Mariette Lydis (1887–1970) was an Austrian-Argentinian painter. She was born Marietta Ronsperger in Vienna, the third child of a Jewish merchant family. She first married Julius Koloman Pachoffer-Karñy in 1910, and, over the next twenty years or so, went through another two husbands, including Jean Lydis, whom she married in 1918 and whose surname she retained for professional purposes. The reason for this chequered marital history is revealed by the fact that, having fled the Nazi invasion of France, from 1940 until her death in 1970, she lived in Argentina with her partner Erica Marx (niece of Karl).
Lydis was a self-taught artist. In 1925, she moved to Paris and got involved in the art scene there, soon developing a reputation as a talented painter and illustrator.
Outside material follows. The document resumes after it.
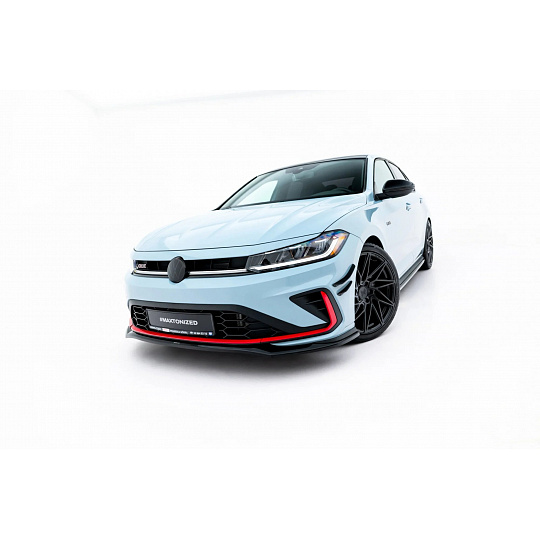 Maxton Design spoiler pod přední nárazník ver.2 pro Volkswagen Jetta GLI Mk7 Facelift 2, černý lesklý plast ABS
She began to exhibit her work in solo shows and illustrated books by many authors including Henry de Montherlant, Paul Valéry, Paul Verlaine and Pierre Louÿs. Her reputation as an up-and-coming avant-garde artist was established, although the war and her exile to London and then South America inevitably interrupted this.
In 1948 Lydis returned to France and resumed worked for publishers, illustrating works by Guy de Maupassant, Colette, Baudelaire, Rimbaud, and Henry James. Lydis eventually returned to Buenos Aires and her later work is notable for its brighter tones and focus on women, adolescents, and young children. as subjects (see for example, her oil paintings Jeune femme de profil (1933), Portrait de jeune fille (1955), and Jovencita (1950)). Over her career, Lydis primarily created lithographs, but she also worked in pencil, watercolour, charcoal, etching and oils, producing prints, drawings, and paintings. Her drawing style is delicate and sparing and she is an accomplished draughtswoman; Lydis could, perhaps, be criticised for the fact that the women in her pictures all look the same, but this could of course be more a matter of celebrating her ideal than any want of skill.
Along with her book illustrations, Lydis is known for her portfolios of lithographs depicting lesbian and bisexual relationships. She tended to show her female couples in active/ passive roles, derived from the stereotype of heterosexual relationships. The illustration to Bilitis, song 53, in which Bilitis and Mnasidika marry in a ceremony invented by Louys for classical Greece (see above) is a good example of this; the older partner is subtly, but discernibly female, a bold statement for its time, perhaps. Lydis was criticised for such representations of dykes and femmes and some of her images were described as “perverse.” However, a review of one of her exhibitions in 1931 perceptively praised her work because it “represents the feminine outlook [and] gives us a facet of truth as seen by feminine eyes…”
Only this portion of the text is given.